0
votes

I'm trying to classify text using naive bayes classifier, and also want to use k-fold cross validation to validate the result of classification. But I'm still confused how to use the k-fold cross validation. As i know that k-fold divide data to k subsets, then one of the k subsets is used as the test set and the other k-1 subsets are put together to form a training set. And i think as training set the data must have label to be trained. So to use k-fold cross validation the required data is the labeled data?, is it right?, and how about non labeled data?.

1
Typically, for any supervised learning, the data needs to be labeled. And then again, for evaluation, the data needs to be labeled.Chthonic Project
so actually the k-fold cross validation used in naive bayes for training, and not for testing?Muhammad Haryadi Futra Iskanda
Well you will train the Naive Bayes with with k-1 subsets. When the model is created you will evaluate the model with the remaining subset.
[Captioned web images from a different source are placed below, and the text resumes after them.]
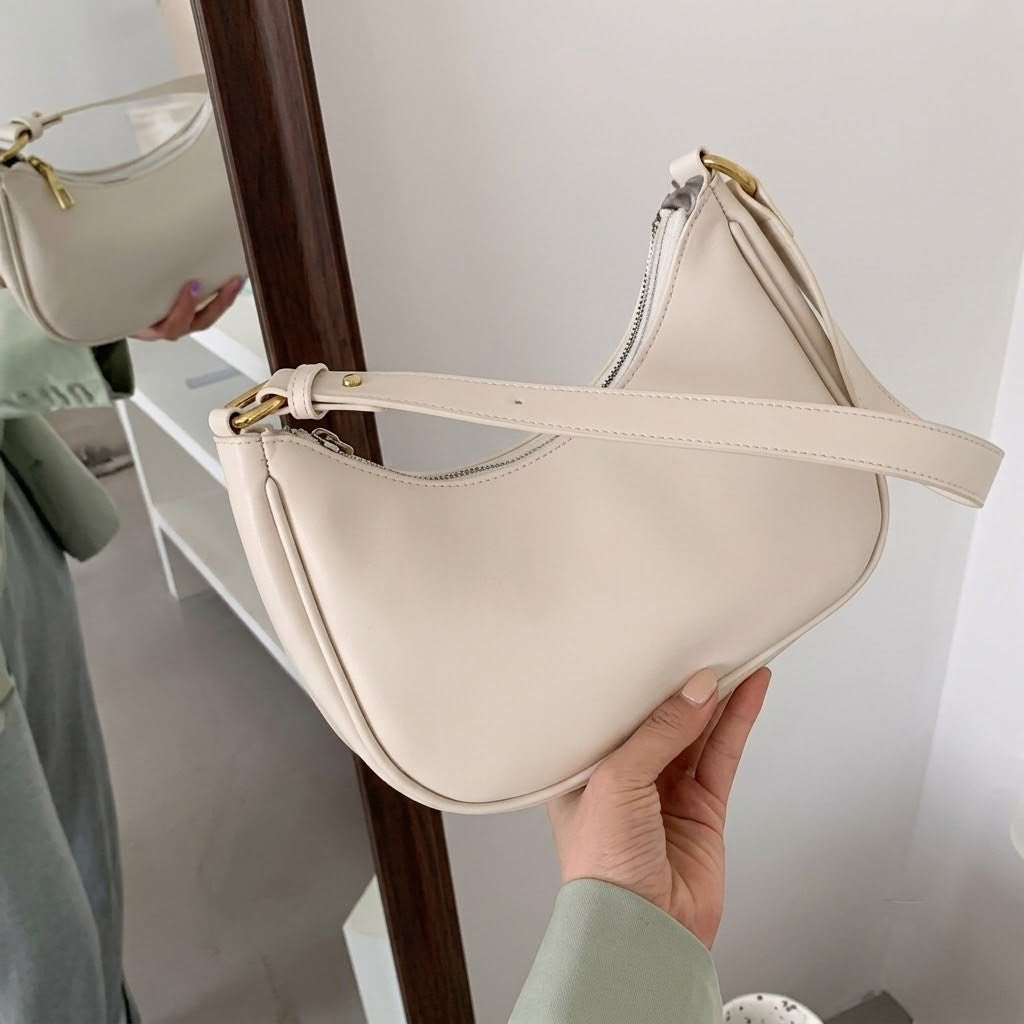 Bolsa Hobo Feminina Aria™ em Couro Sintético Premium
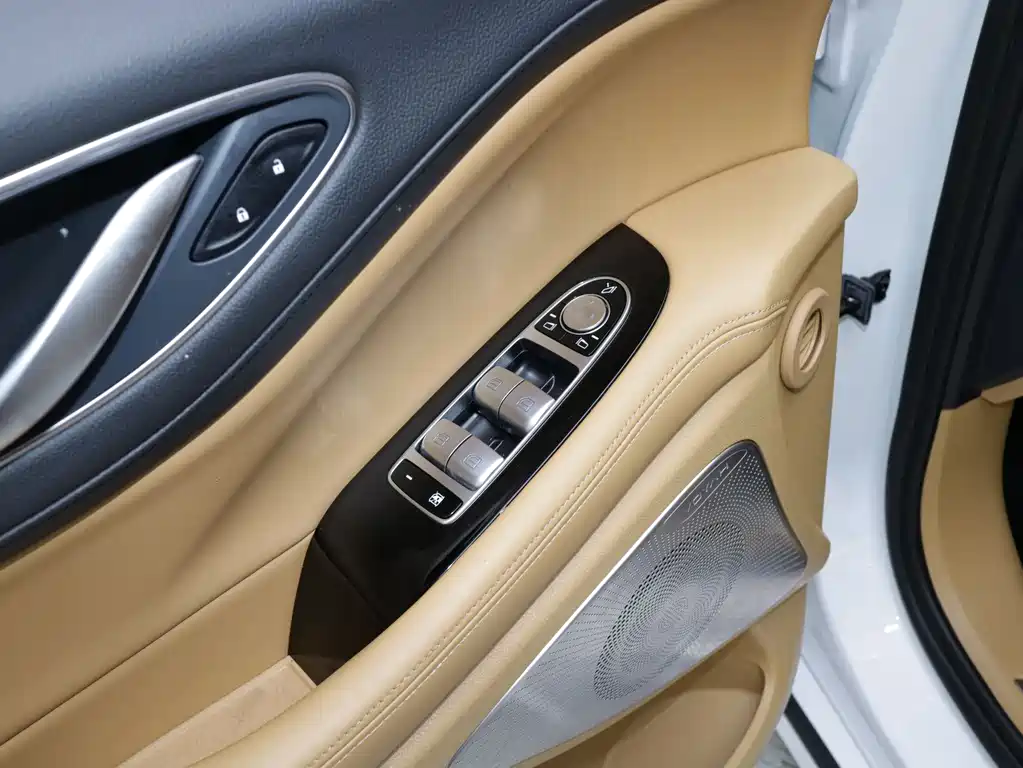 Lantu Dreamer 2025 PHEV four-wheel drive premium Kunpeng version купить на сайте DeffCars
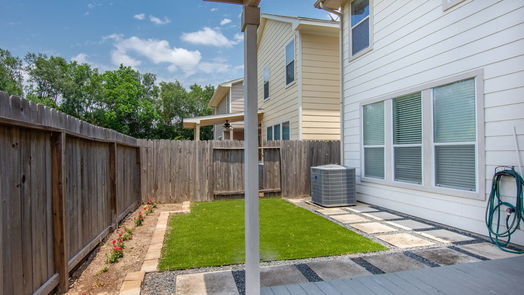 Houston 2-story, 3-bed 10034 Hillside Bayou Drive-idx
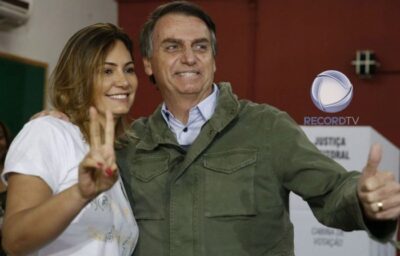 Imagem do post Com Bolsonaro internado, Michelle Bolsonaro é flagrada no hospital com Presidente fazendo algo comovente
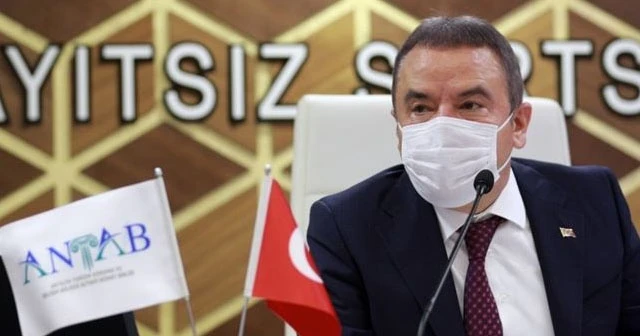 Kovid-19 tedavisi gören Muhittin Böcek'in sağlık durumu stabil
The model will predict a class and you can compare this predicted result with the corret result.user

1 Answers

0
votes

for non labeled data you must use clustering methods, for nb maybe this code would help you:

[testF, trainF] = kfolds(Features,k);
[testL, trainL] = kfolds(Label,k);
c = size(Features);
for i=1:k
    LabelTrain = trainL{i};
    LabelTest = testL{i};
    FeaturesTrain = trainF{i};
    FeaturesTest = testF{i};
    nb = NaiveBayes.fit(FeaturesTrain,LabelTrain);
    Class = predict(nb,FeaturesTest);
    predict_Class(i)=sum(Class==LabelTest);
end
predict_all = sum(predict_Class)/c(1);

kfolds function would separate your data to k folds.

cheers